### [EXERCISE DETAILS]
When the line with "Setting timers and" comes up, set it down and every later line to the end of the data, exactly and without pictures.

### [MATERIAL PROVIDED]

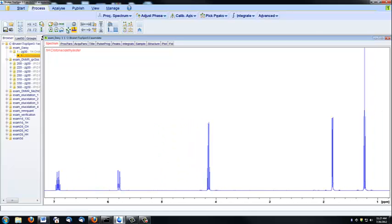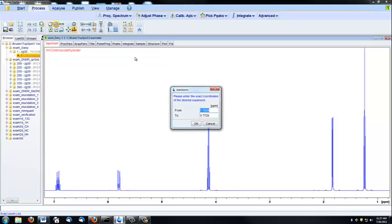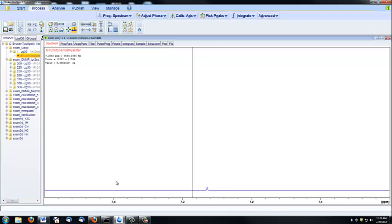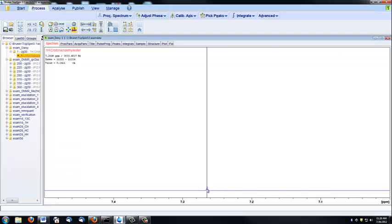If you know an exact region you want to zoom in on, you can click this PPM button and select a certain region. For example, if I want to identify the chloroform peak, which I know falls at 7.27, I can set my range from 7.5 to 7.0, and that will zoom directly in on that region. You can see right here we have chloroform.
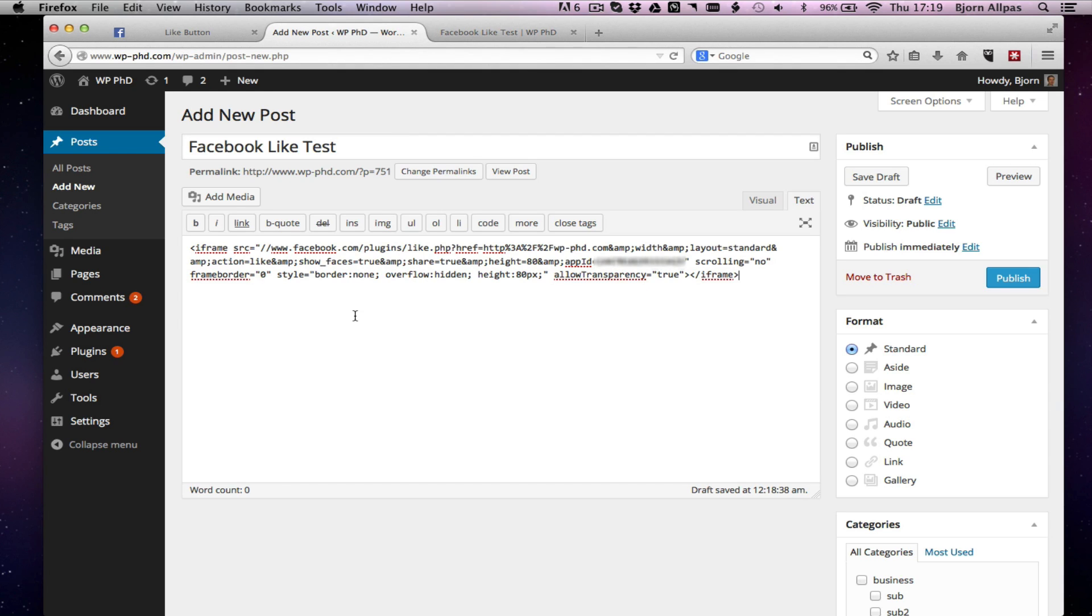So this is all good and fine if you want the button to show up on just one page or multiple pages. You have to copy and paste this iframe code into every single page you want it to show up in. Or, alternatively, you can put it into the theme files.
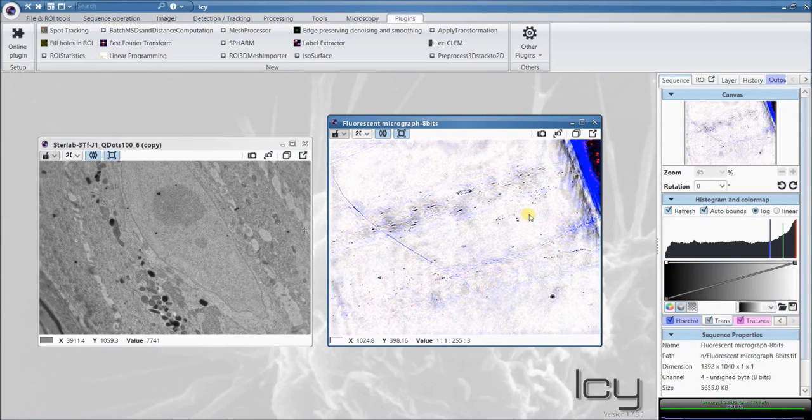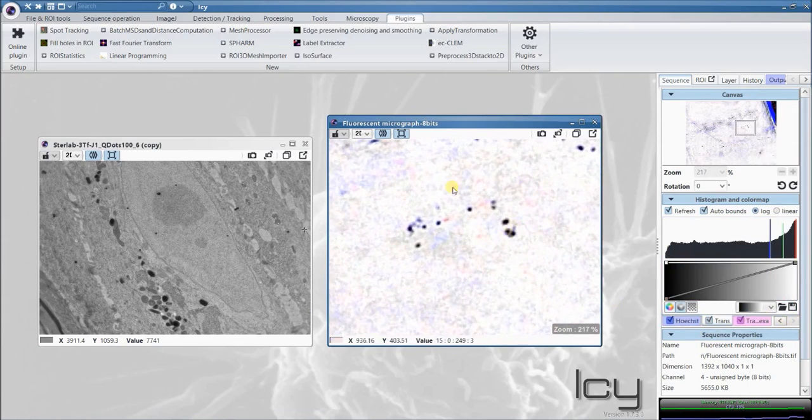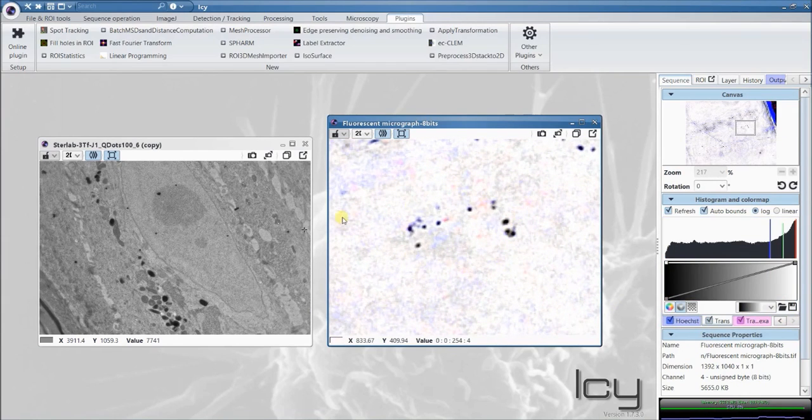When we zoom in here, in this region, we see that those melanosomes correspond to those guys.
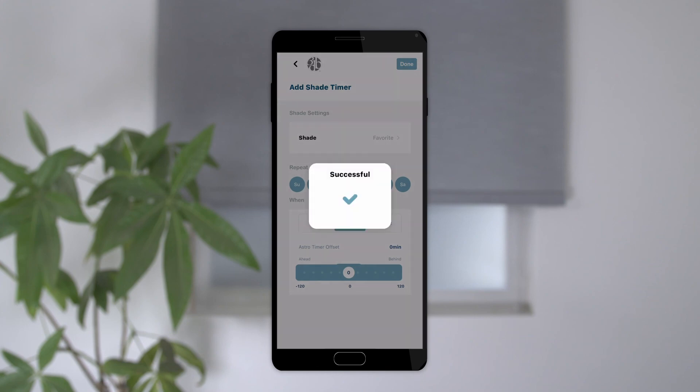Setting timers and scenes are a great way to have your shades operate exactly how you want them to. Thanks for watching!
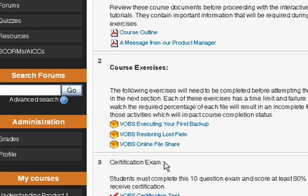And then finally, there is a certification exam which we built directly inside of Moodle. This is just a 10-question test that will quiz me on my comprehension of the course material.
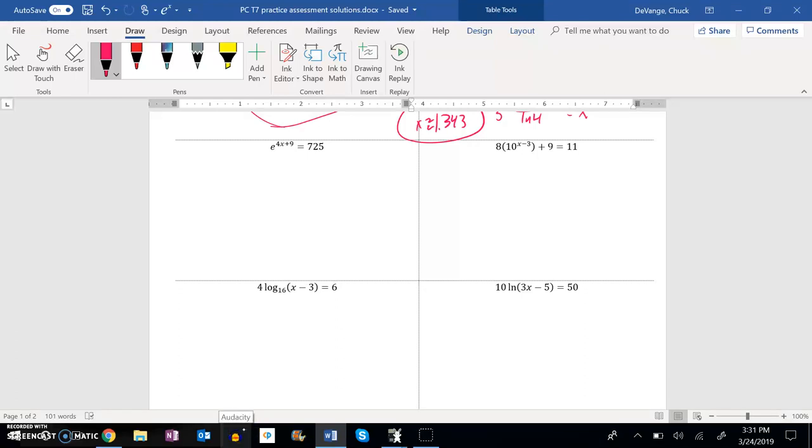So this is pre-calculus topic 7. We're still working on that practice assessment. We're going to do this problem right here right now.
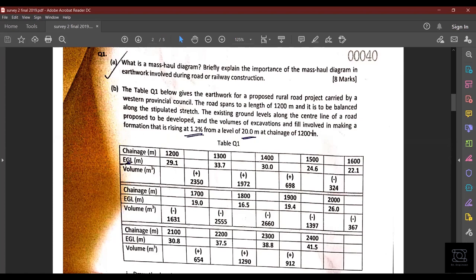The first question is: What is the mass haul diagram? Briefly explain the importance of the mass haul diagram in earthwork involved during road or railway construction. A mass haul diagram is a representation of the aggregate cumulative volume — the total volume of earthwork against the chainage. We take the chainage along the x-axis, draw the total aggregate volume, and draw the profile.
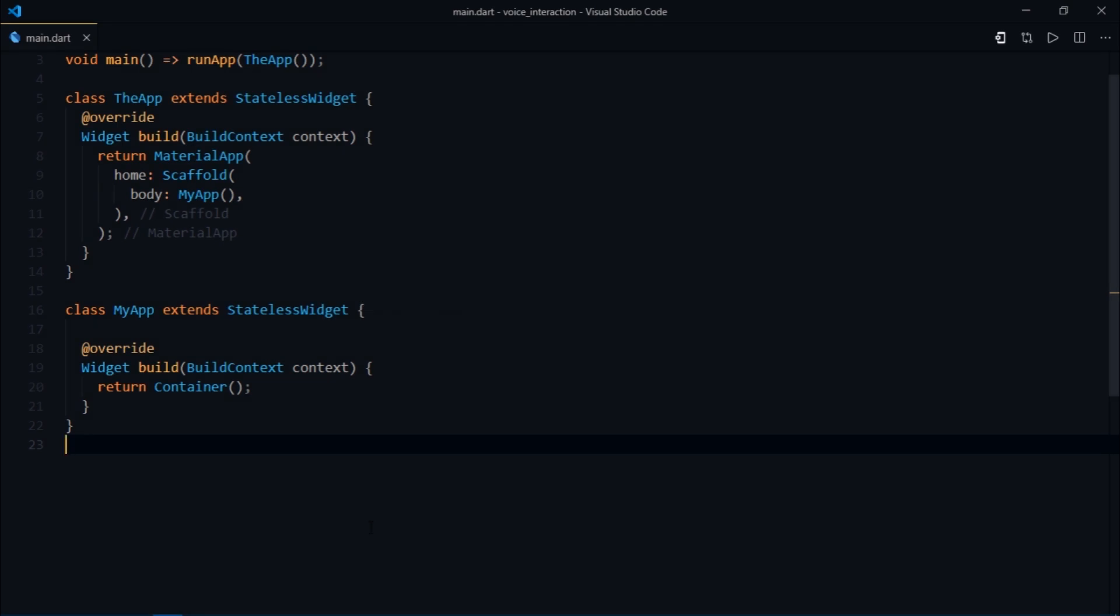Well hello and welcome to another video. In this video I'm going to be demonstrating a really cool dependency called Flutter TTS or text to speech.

### [RESPONSE TO THIS TASK]
Setting timers and scenes are a great way to have your shades operate exactly how you want them to. Thanks for watching!
And then finally, there is a certification exam which we built directly inside of Moodle. This is just a 10-question test that will quiz me on my comprehension of the course material.
So this is pre-calculus topic 7. We're still working on that practice assessment. We're going to do this problem right here right now.
The first question is: What is the mass haul diagram? Briefly explain the importance of the mass haul diagram in earthwork involved during road or railway construction. A mass haul diagram is a representation of the aggregate cumulative volume — the total volume of earthwork against the chainage. We take the chainage along the x-axis, draw the total aggregate volume, and draw the profile.
Well hello and welcome to another video. In this video I'm going to be demonstrating a really cool dependency called Flutter TTS or text to speech.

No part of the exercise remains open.